■ Provided information ■
#####
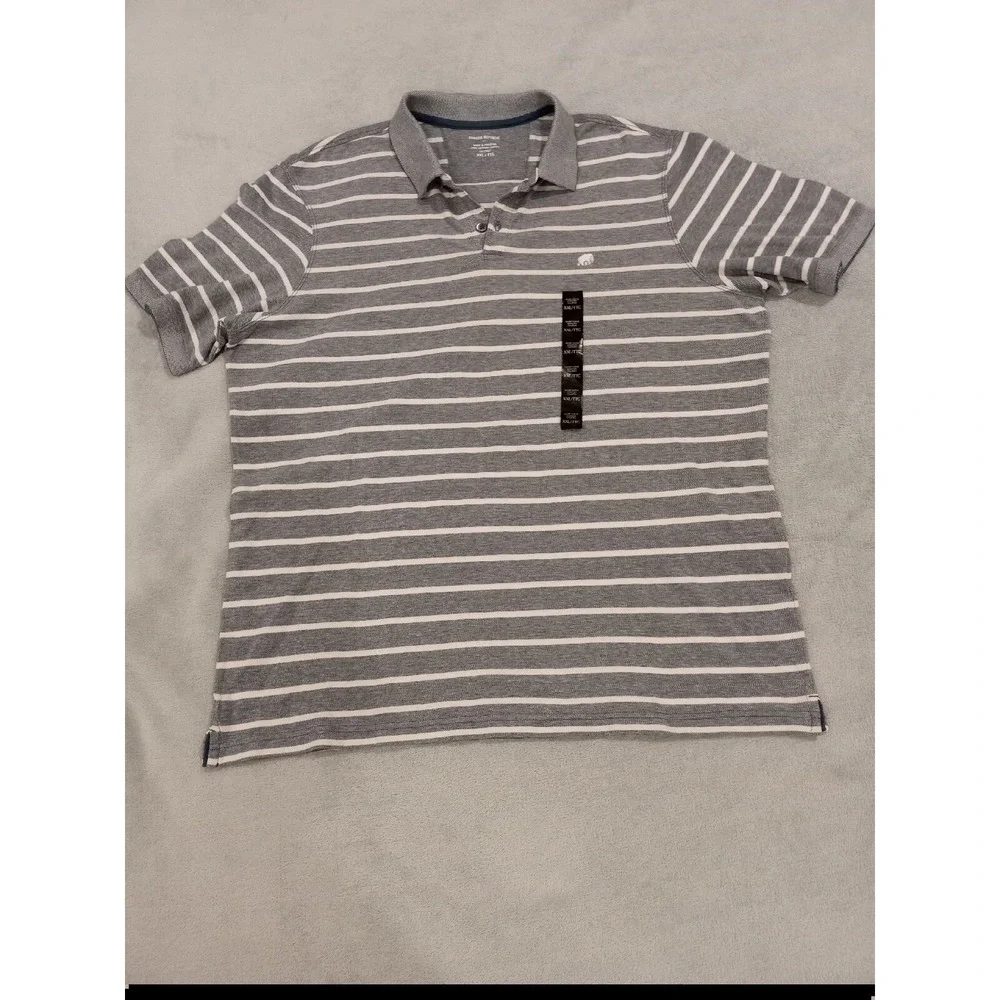 NWT Banana Republic Gray White‎ Short Polo Mens Size XXL Golf Elephant Shirt
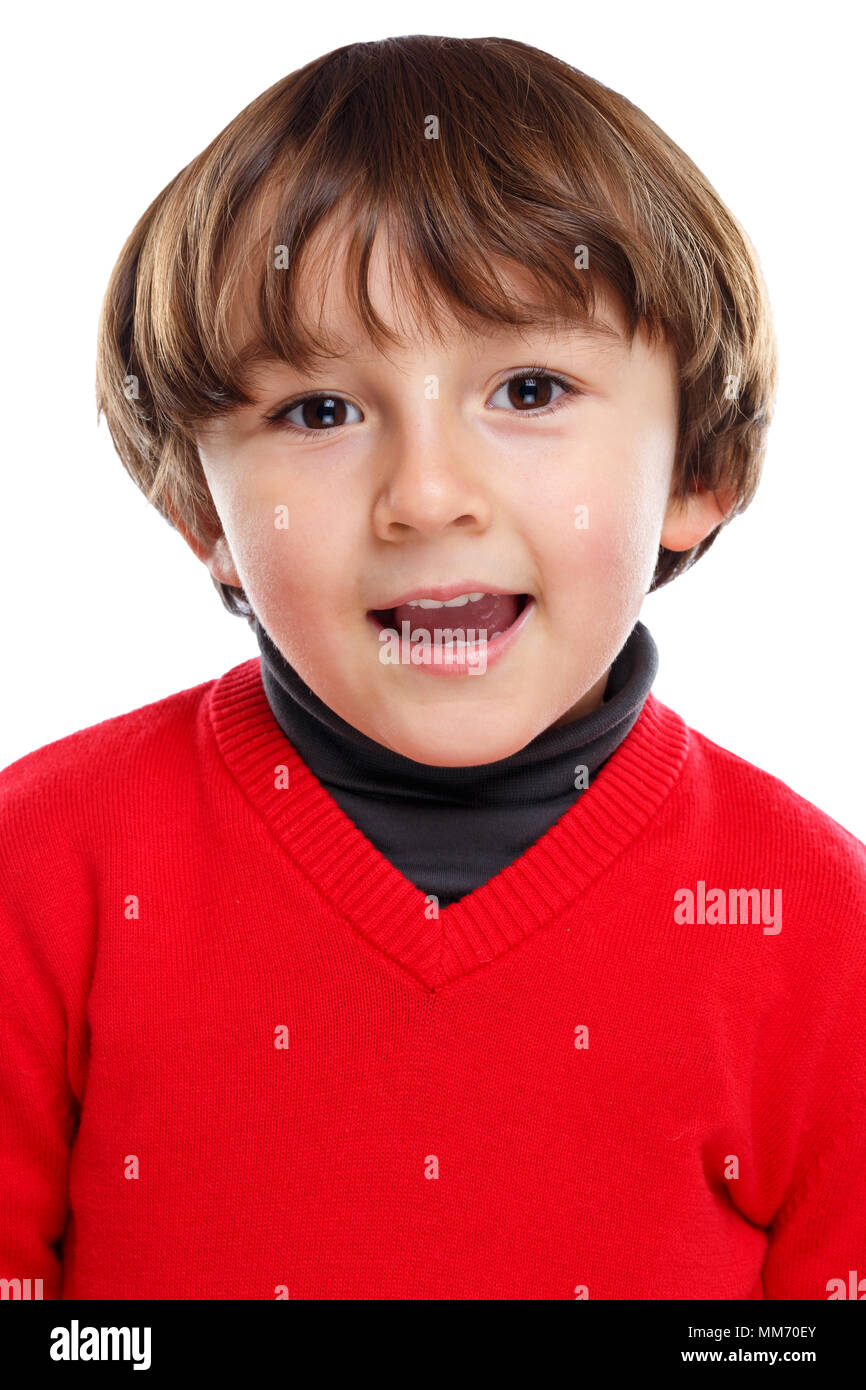 Child kid boy portrait smiling face isolated on a white background Stock Photo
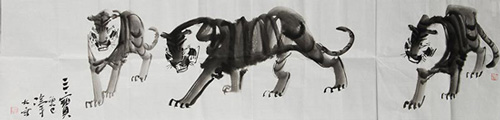 冷军 三宝 153.5x13.5cm 纸本画心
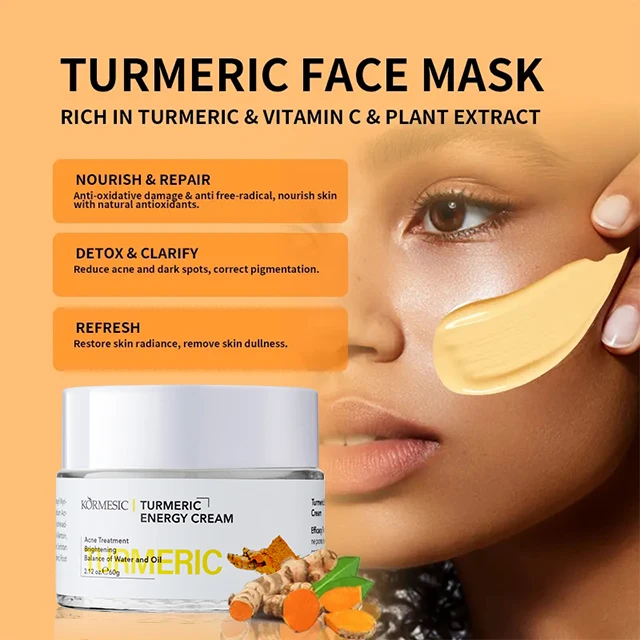 KORMESIC OEM Wholesale Private Label Skin Care Facial Cream Whitening Turmeric Energy Facial Cream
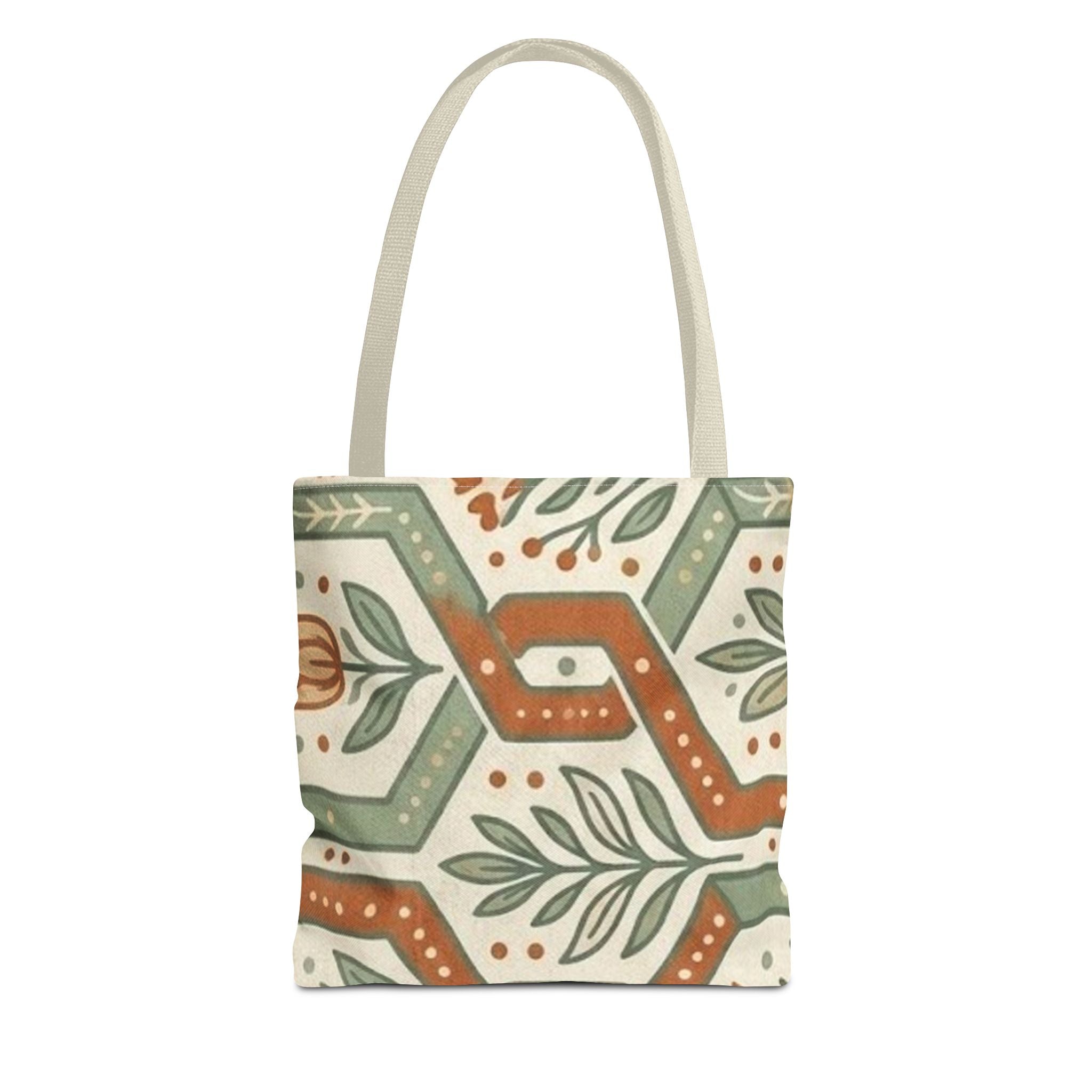 Floral Tile Pattern Tote Bag — Boho Vintage Botanical AOP Tote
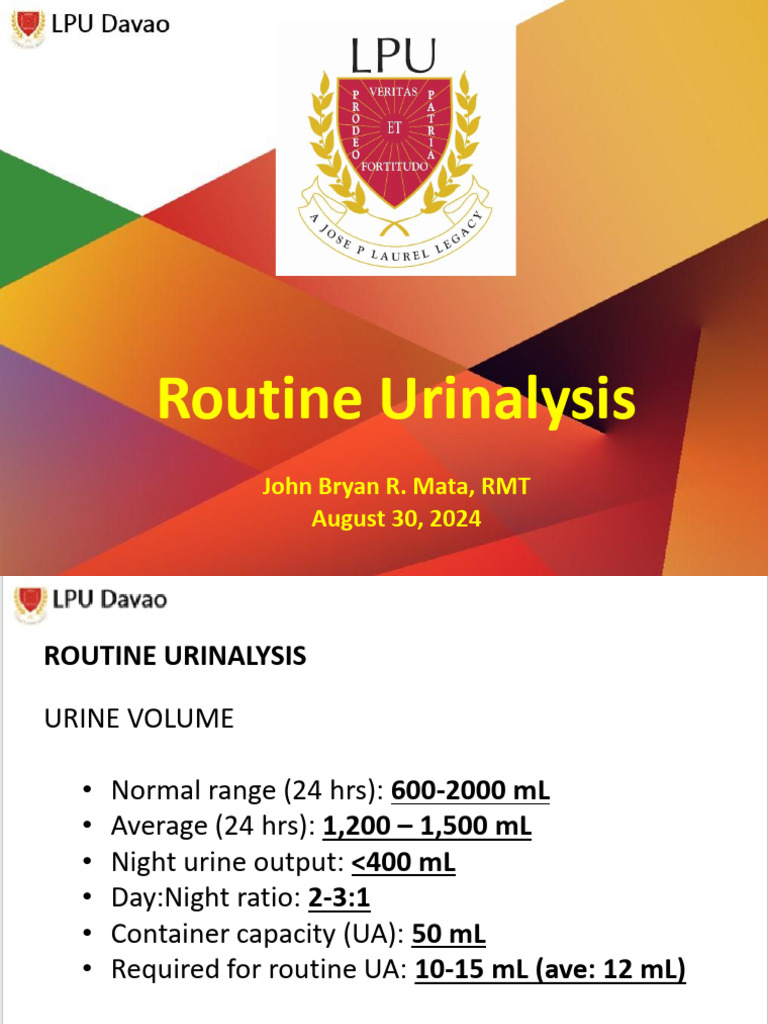 Comprehensive Guide to Routine Urinalysis | PDF | Body Fluids | Organ ...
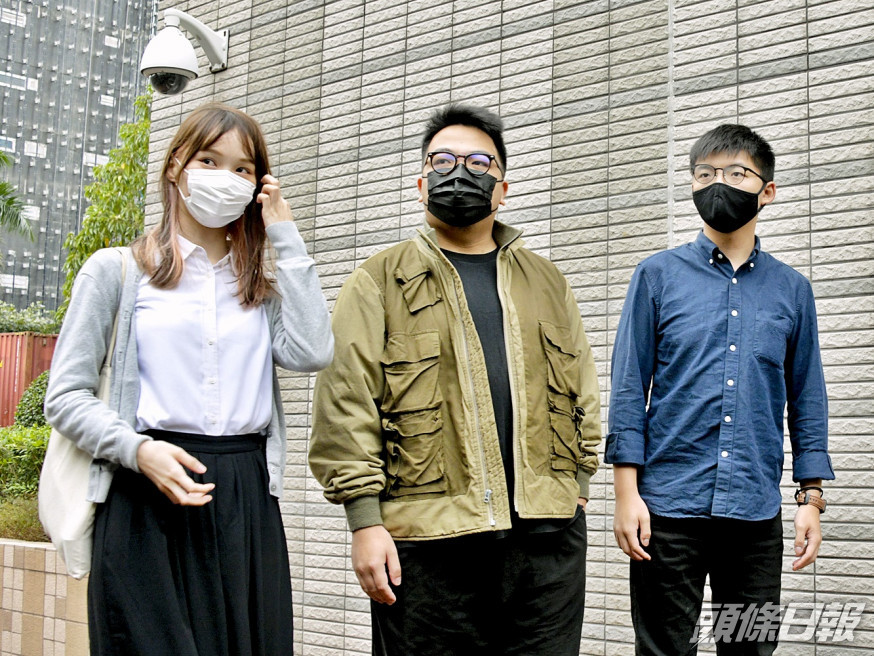 周庭(左起)、林朗彥及黃之鋒。資料圖片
#####
■ Your instructions ■
Leave out the pictures, and please output only the lines from the line that contains "Child kid boy" through the end of the data, both ends included.

■ Answer space ■
 Child kid boy portrait smiling face isolated on a white background Stock Photo
 冷军 三宝 153.5x13.5cm 纸本画心
 KORMESIC OEM Wholesale Private Label Skin Care Facial Cream Whitening Turmeric Energy Facial Cream
 Floral Tile Pattern Tote Bag — Boho Vintage Botanical AOP Tote
 Comprehensive Guide to Routine Urinalysis | PDF | Body Fluids | Organ ...
 周庭(左起)、林朗彥及黃之鋒。資料圖片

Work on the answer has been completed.